What to work on:
The answer must be the lines from the one that holds "Courtesy Epson: Print" through the final line of the data, copied exactly, with no pictures.

Exercise input:
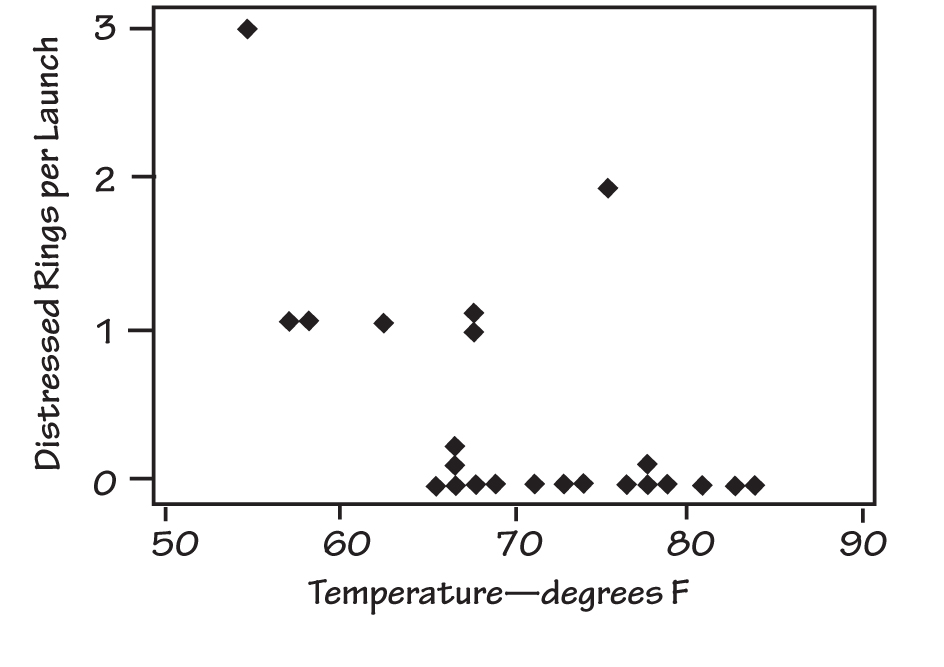 COMPLETE CHALLENGER O-RING DATA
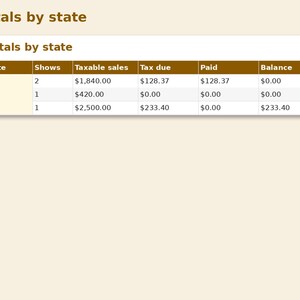 Sales Tax by Show Tracker preview: Totals by state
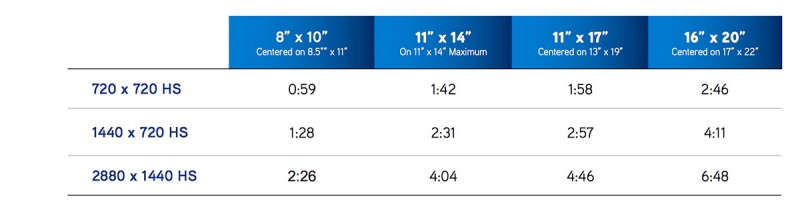 Courtesy Epson: Print times are based upon the start of printhead movement over the page to drop ink; stop time based on printhead moving to the “park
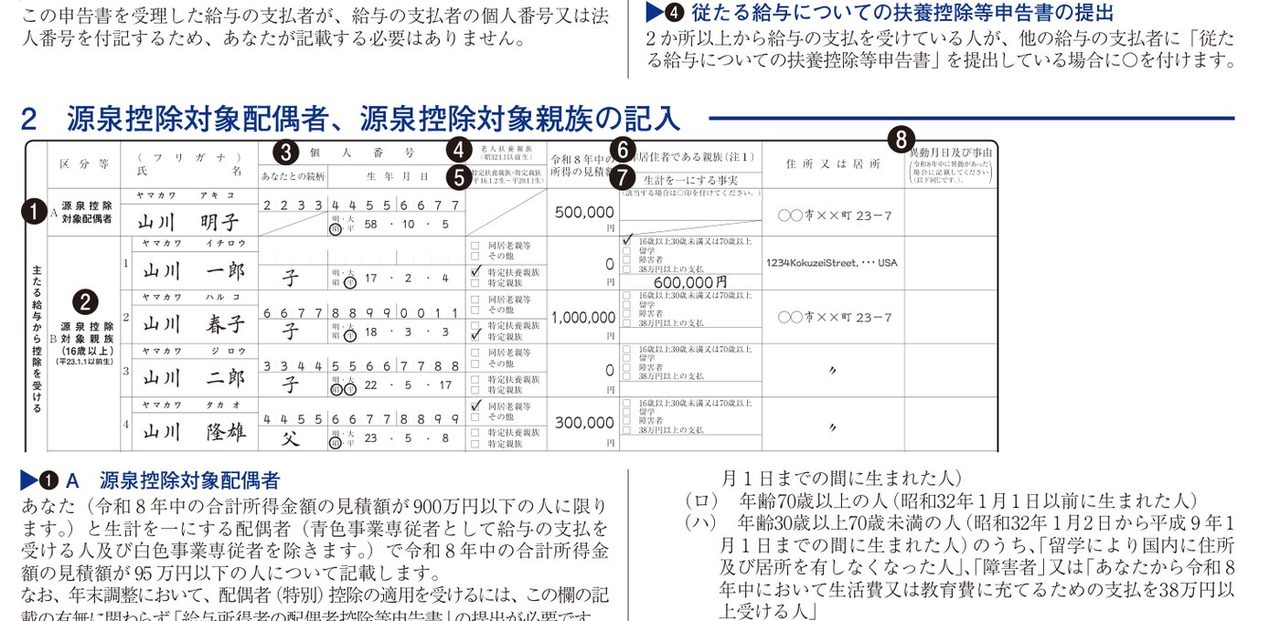 源泉控除対象配偶者・親族の記入欄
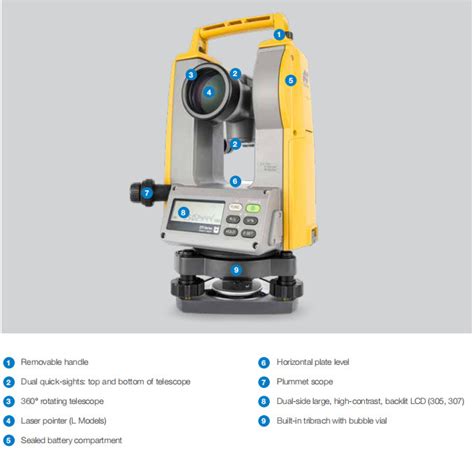 Model Topcon Dt 300 Series Electronic Digital Theodolite 5 7 9 Topcon Theodolite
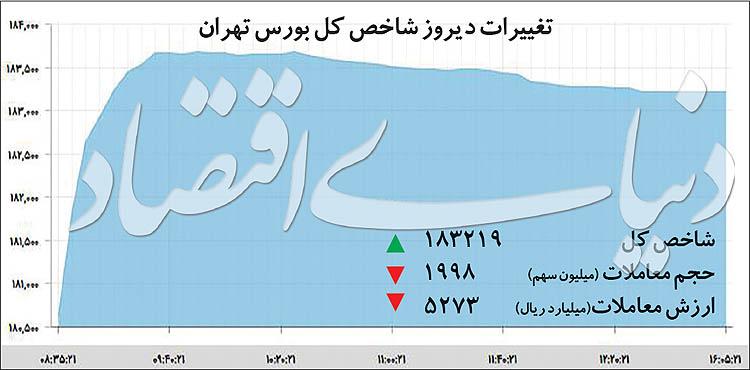 بورس,اخبار اقتصادی,خبرهای اقتصادی,بورس و سهام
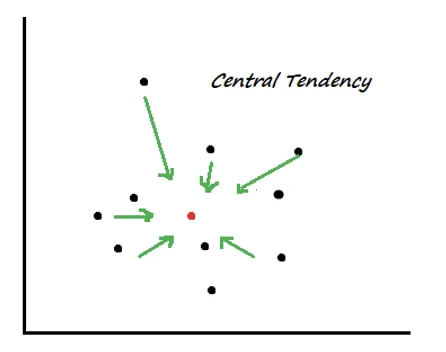 Measures of Central Tendency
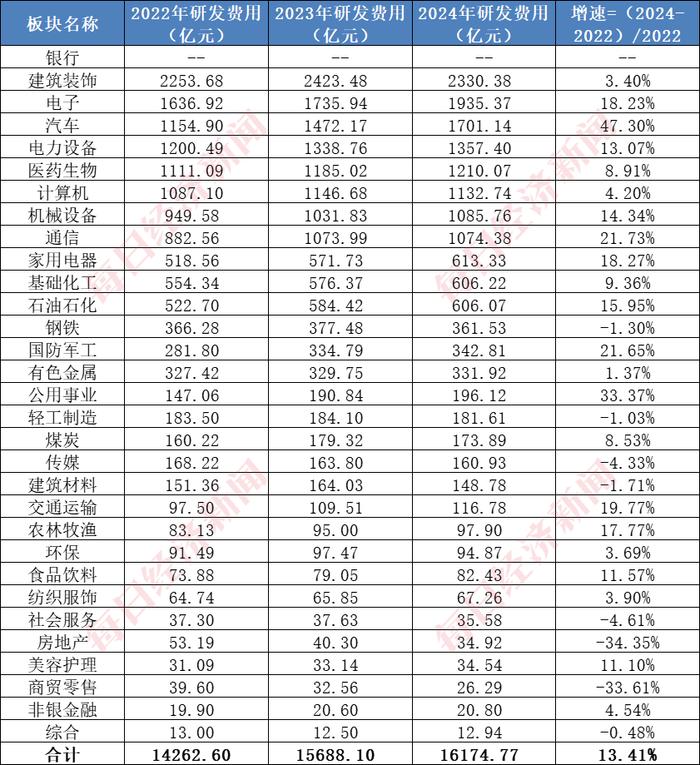 （图片来源：每经投研院制表，数据来源：同花顺iFinD）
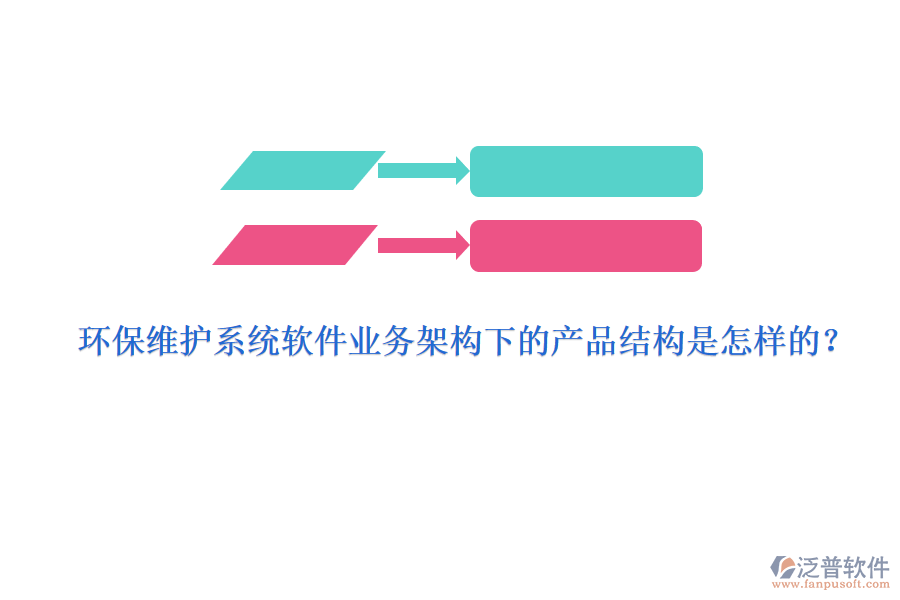 環(huán)保維護系統(tǒng)軟件業(yè)務(wù)架構(gòu)下的產(chǎn)品結(jié)構(gòu)是怎樣的？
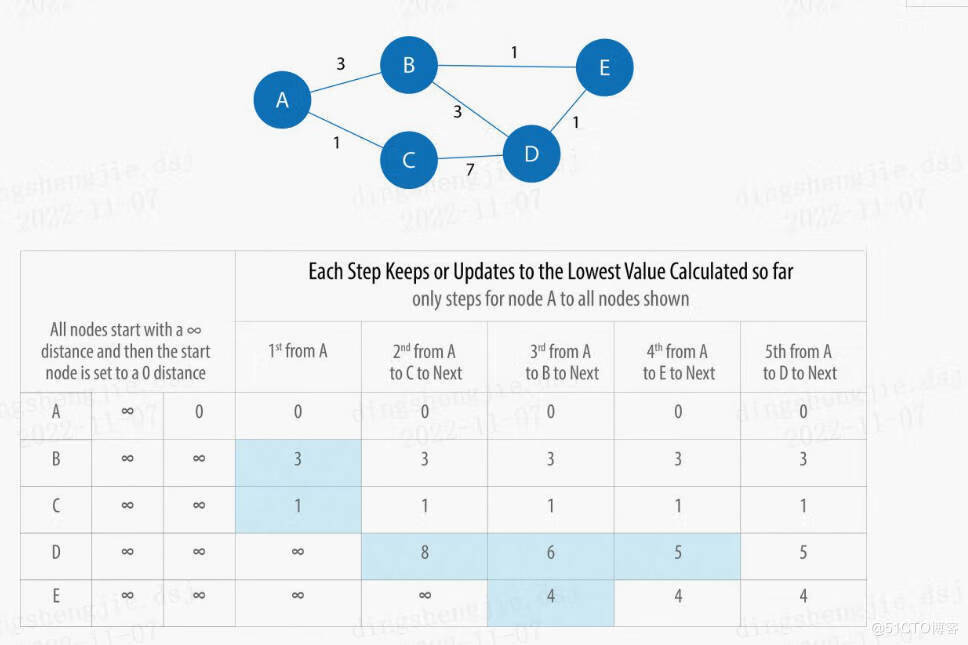 关于图计算&图学习的基础知识概览：前置知识点学习（Paddle Graph Learning (PGL)）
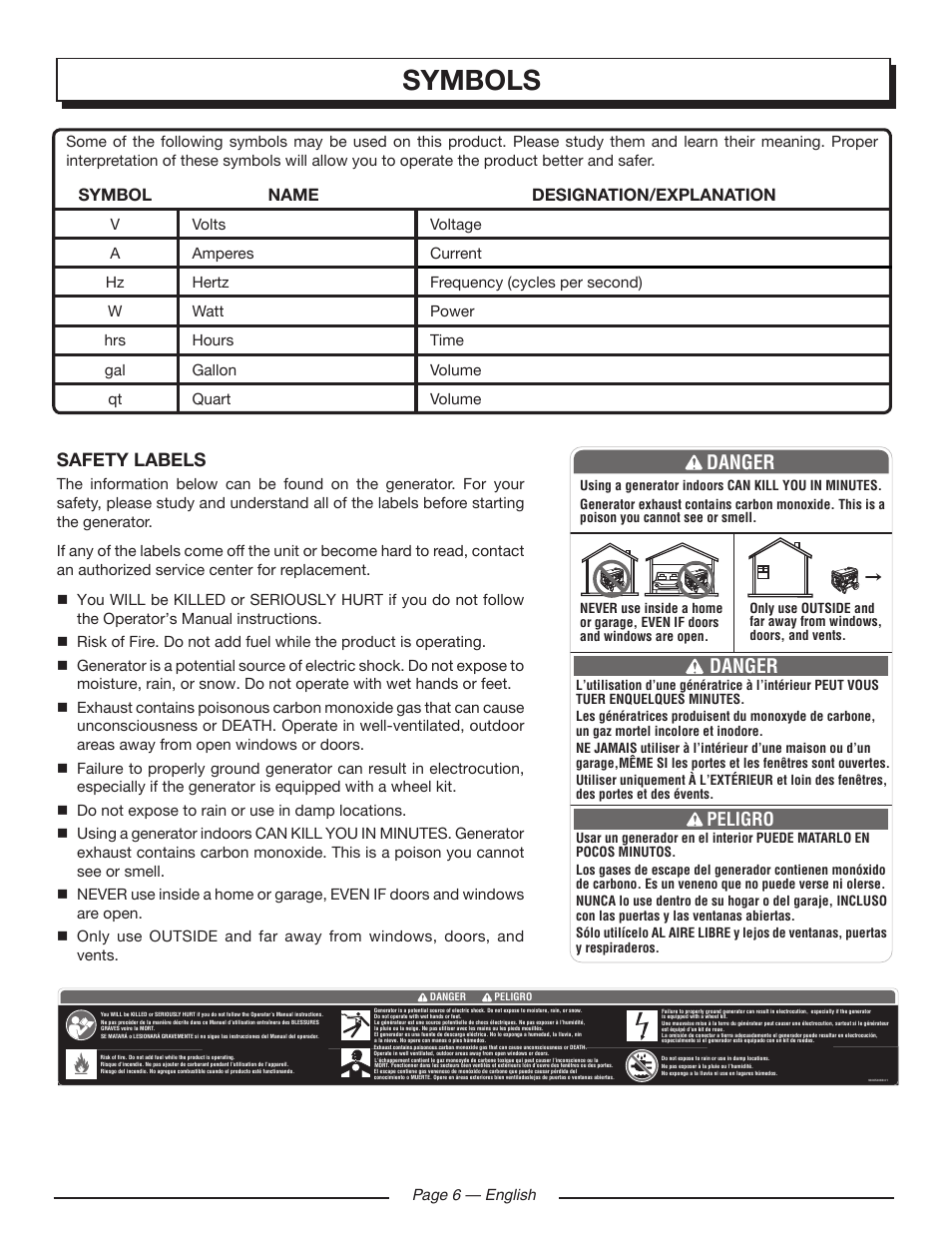Symbols, Danger, Safety labels | Peligro, Symbol name designation/explanation | Homelite HGCA1400 User Manual | Page 8 / 58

Result for this task:
 Courtesy Epson: Print times are based upon the start of printhead movement over the page to drop ink; stop time based on printhead moving to the “park
 源泉控除対象配偶者・親族の記入欄
 Model Topcon Dt 300 Series Electronic Digital Theodolite 5 7 9 Topcon Theodolite
 بورس,اخبار اقتصادی,خبرهای اقتصادی,بورس و سهام
 Measures of Central Tendency
 （图片来源：每经投研院制表，数据来源：同花顺iFinD）
 環(huán)保維護系統(tǒng)軟件業(yè)務(wù)架構(gòu)下的產(chǎn)品結(jié)構(gòu)是怎樣的？
 关于图计算&图学习的基础知识概览：前置知识点学习（Paddle Graph Learning (PGL)）
Symbols, Danger, Safety labels | Peligro, Symbol name designation/explanation | Homelite HGCA1400 User Manual | Page 8 / 58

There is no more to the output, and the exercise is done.